Now and again, I dabble in the stock market. Whenever the economy tanks every 10 years or so there is always opportunity to buy at bargain prices. But knowing what and when and why is the key to success. Understanding the economy is the first step to coming up with a strategy. There are the government indexes, but there are some other rather unorthodox methods that one can use.
The skyscraper index says that right after the world’s tallest building is done, the economy tanks. The Empire state building, the Sears tower and the one in Dubai were all followed by market crashes.
Then there is the lipstick index. Cosmetic sales increase during a recession and peak at the bottom. The rationale is women who are economically stressed tend to compensate by trying to look better.
I may not have a job tomorrow, but I’m going to look my best today mentality sounds right. It would seem there are people to track this sort of thing. And tall buildings are examples of men stretching their resources too thin to one up the competition.
It has been said that during a market boom, a monkey could pick a winner. But the suits on wall street have egos the size of ocean liners. Once, after a market crash, an investment firm sent me a letter and said we lost some of your money, but we think we lost less than the other guys would have. I went ahead and asked for it back because of the arrogant attitude. I’m never going to be a good gambler because I don’t have a thorough knowledge of the odds.
Alan Greenspan, world famous economist used the men’s underwear index to help make economic decisions when he was head of the federal reserve. Once, when I was walking down a street in Atlanta, a police-escorted motorcade came flying by with the lights and sirens going.
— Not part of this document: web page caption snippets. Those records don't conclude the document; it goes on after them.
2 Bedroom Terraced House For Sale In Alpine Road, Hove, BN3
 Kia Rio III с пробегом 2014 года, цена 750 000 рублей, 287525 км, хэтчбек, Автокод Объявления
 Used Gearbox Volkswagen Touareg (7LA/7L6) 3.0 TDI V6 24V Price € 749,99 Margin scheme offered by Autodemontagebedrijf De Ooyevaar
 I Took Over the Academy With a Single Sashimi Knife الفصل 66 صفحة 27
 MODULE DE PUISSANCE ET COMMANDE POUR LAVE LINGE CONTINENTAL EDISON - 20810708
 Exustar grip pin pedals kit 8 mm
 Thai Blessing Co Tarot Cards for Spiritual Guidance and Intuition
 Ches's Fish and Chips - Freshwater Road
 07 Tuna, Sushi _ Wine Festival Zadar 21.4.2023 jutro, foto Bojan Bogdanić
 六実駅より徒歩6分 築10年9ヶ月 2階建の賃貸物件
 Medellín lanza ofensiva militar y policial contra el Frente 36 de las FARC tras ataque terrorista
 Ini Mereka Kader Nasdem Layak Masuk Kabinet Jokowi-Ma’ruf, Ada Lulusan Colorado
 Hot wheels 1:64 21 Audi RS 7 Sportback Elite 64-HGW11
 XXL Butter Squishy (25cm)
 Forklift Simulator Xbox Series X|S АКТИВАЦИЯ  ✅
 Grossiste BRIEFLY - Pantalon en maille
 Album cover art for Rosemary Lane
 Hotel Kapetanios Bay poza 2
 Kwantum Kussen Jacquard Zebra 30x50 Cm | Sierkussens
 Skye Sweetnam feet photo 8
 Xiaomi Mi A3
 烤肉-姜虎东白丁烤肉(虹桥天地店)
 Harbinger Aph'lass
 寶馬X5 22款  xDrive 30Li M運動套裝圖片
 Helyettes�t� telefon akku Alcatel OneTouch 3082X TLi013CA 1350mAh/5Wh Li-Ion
It was quite spectacular. Turns out it was Greenspan attending a meeting at the federal reserve building. Apparently, the underwear index is very accurate. It seems that men’s underwear sales are very consistent year-round except during a crash when it goes down. When money begins to tighten, men will forgo new drawers and make do. He set interest rates accordingly. So, there you have it.
Open your underwear drawer and choose wisely.